• [TO DO] Repeat the entries in full. Each line must match exactly.
━━━ PROVIDED ENTRIES
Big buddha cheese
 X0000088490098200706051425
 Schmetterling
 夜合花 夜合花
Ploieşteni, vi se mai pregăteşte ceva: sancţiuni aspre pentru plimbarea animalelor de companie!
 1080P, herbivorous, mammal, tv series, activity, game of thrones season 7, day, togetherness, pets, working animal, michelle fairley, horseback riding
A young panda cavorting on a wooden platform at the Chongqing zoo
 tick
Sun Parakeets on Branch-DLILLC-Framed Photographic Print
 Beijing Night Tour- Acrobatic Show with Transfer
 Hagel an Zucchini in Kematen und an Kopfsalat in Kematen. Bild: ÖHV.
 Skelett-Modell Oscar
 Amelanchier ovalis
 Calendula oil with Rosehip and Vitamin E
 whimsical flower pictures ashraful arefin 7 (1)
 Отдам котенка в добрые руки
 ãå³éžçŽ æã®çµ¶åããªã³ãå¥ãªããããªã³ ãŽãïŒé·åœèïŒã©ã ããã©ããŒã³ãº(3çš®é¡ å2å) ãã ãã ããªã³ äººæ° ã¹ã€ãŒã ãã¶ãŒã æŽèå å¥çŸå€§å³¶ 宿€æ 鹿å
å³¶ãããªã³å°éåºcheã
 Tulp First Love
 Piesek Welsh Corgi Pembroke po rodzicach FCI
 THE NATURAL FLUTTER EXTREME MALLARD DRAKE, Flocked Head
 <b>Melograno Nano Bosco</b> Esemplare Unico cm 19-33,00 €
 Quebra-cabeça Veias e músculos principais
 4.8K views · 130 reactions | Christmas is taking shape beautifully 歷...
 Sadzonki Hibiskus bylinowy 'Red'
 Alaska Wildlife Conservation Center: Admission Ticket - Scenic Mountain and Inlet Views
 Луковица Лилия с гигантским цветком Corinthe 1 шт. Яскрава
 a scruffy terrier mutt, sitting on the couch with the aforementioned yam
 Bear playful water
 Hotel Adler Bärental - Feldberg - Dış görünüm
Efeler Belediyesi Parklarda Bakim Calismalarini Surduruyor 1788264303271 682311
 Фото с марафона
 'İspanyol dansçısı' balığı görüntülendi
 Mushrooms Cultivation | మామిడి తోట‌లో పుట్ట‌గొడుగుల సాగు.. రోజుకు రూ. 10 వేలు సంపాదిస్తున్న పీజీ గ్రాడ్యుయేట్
━━━━━━
• [RESULT OF THIS TASK]
Big buddha cheese
 X0000088490098200706051425
 Schmetterling
 夜合花 夜合花
Ploieşteni, vi se mai pregăteşte ceva: sancţiuni aspre pentru plimbarea animalelor de companie!
 1080P, herbivorous, mammal, tv series, activity, game of thrones season 7, day, togetherness, pets, working animal, michelle fairley, horseback riding
A young panda cavorting on a wooden platform at the Chongqing zoo
 tick
Sun Parakeets on Branch-DLILLC-Framed Photographic Print
 Beijing Night Tour- Acrobatic Show with Transfer
 Hagel an Zucchini in Kematen und an Kopfsalat in Kematen. Bild: ÖHV.
 Skelett-Modell Oscar
 Amelanchier ovalis
 Calendula oil with Rosehip and Vitamin E
 whimsical flower pictures ashraful arefin 7 (1)
 Отдам котенка в добрые руки
 ãå³éžçŽ æã®çµ¶åããªã³ãå¥ãªããããªã³ ãŽãïŒé·åœèïŒã©ã ããã©ããŒã³ãº(3çš®é¡ å2å) ãã ãã ããªã³ äººæ° ã¹ã€ãŒã ãã¶ãŒã æŽèå å¥çŸå€§å³¶ 宿€æ 鹿å
å³¶ãããªã³å°éåºcheã
 Tulp First Love
 Piesek Welsh Corgi Pembroke po rodzicach FCI
 THE NATURAL FLUTTER EXTREME MALLARD DRAKE, Flocked Head
 <b>Melograno Nano Bosco</b> Esemplare Unico cm 19-33,00 €
 Quebra-cabeça Veias e músculos principais
 4.8K views · 130 reactions | Christmas is taking shape beautifully 歷...
 Sadzonki Hibiskus bylinowy 'Red'
 Alaska Wildlife Conservation Center: Admission Ticket - Scenic Mountain and Inlet Views
 Луковица Лилия с гигантским цветком Corinthe 1 шт. Яскрава
 a scruffy terrier mutt, sitting on the couch with the aforementioned yam
 Bear playful water
 Hotel Adler Bärental - Feldberg - Dış görünüm
Efeler Belediyesi Parklarda Bakim Calismalarini Surduruyor 1788264303271 682311
 Фото с марафона
 'İspanyol dansçısı' balığı görüntülendi
 Mushrooms Cultivation | మామిడి తోట‌లో పుట్ట‌గొడుగుల సాగు.. రోజుకు రూ. 10 వేలు సంపాదిస్తున్న పీజీ గ్రాడ్యుయేట్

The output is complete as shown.